Step 6. Seek help in other ways
Breaking up isn't easy even if you're dealing with a psychic vampire who only accepts and doesn't give. Don't hesitate to seek help if you can't be cool and free yourself from someone like this.
- Ask for information about a licensed therapist from a doctor, friend, or family member.
- When you talk to a therapist, you may understand that being cold isn't the right solution. The therapist can help you find other effective solutions.
Step 7. Don't be cold to everyone
Remember that you choose to be cool in a certain way for a certain purpose because you are in control of your life. If you've succeeded in realizing the desire to free yourself from a problematic relationship, act as usual.
- People who are cold as an innate trait usually experience an avoidant attachment pattern that was formed as a child.
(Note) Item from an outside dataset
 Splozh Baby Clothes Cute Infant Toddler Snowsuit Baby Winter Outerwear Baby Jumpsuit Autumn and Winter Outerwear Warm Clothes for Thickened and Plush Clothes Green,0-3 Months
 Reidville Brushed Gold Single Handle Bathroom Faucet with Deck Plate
Therefore, being cool for a while for a specific purpose doesn't have to make you act like this forever.
- If you achieve your goal by being cool, you may want to apply it more often or for another purpose. Remember that this method can lead to more suffering, rather than preventing it.
Tips
If you're getting desperate, remind yourself that other options aren't working
Warning
- Be prepared to accept criticism. People who don't understand your goals may find your attitude unpleasant and they will turn away from you.
- Don't be cold too often so it doesn't become a bad habit that's done impulsively.